武井豊治著「古建築辞典」を紐解くと、
「猿」とは……雨戸や開き戸の框にとりつけ、柱・鴨居・敷居などの孔にさし込んで戸締りとする木製または金属の小片とあります。

▲古民家で見つけた「落とし猿」先日、古い家の建具でこの「猿」を見つけました。写真をご覧ください。桟の上に載っている木片をスライドすると、建具の上框を貫通して鴨居に刺さっている木の角棒が下に落ちる仕掛けです。鍵の一種で「落とし猿」と呼ばれています。
このお宅は築100年以上経っている!ということは、この工芸的な木加工も長い年月の使用に耐えてきたということです。素晴らしいことだと思います。
でも、どうして耐えることができたのか?
それは、木という素材に敬意を払って使っているからです。木にお礼を言いながら使っているからです。木は生き物だから当然狂う、だから加工に工夫をする。木は繊細な材料だから割れやすいし傷がつきやすい、だから丁寧に扱う……使うこちらが配慮する。注意する。それが当然の態度ですよね。日本の木工技術はそういう態度の上に発展してきました。

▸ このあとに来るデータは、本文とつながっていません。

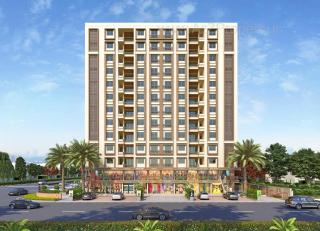 Elevation of real estate project Gajanan Heights located at Manjalpur, Vadodara, Gujarat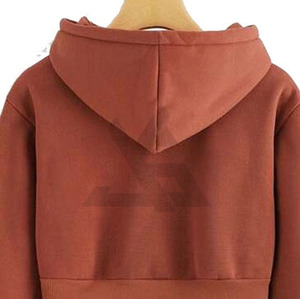 เสื้อฮู้ดดี้ผู้หญิงแบบใหม่ สไตล์ซิป ทรงบ็อกซี่ ผ้าวาฟเฟิล แบบครอป  เสื้อสเวตเตอร์และเสื้อฮู้ดดี้ผู้หญิง - Product Image 4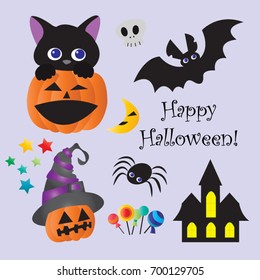 halloween item vector
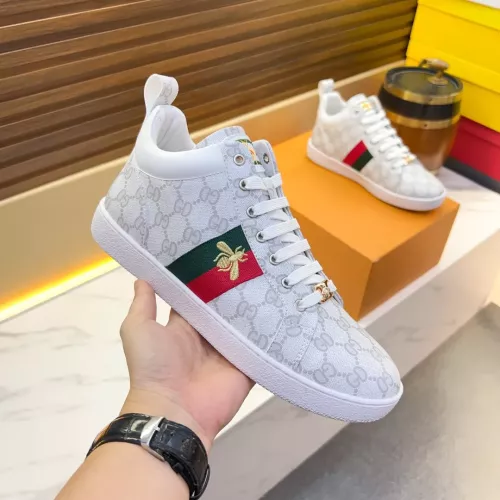 Replica Gucci High Tops Shoes For Men #1381188 $82.00 USD for Wholesale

しかし、最近、木を工業製品と勘違いしている人が増えているようです。

▲菅野企画設計ではこんな大径木(直径38cm)を使う寺院も設計しています。情けないことに、少しの割れも、狂いもクレーム対象になってしまう・・・だから、ハウスメーカーやマンション業者は木の無垢材を使いたがらない。材木もどきばかりで造る「木のぬくもりのある家」なんて、笑うに笑えない現状。
私たちは、木に対する感受性、加工技術は日本文化の最も大切な部分だと考えています。だから、木材もどきではなく、無垢の木と向き合って、これからも仕事をしていきたいと思っています。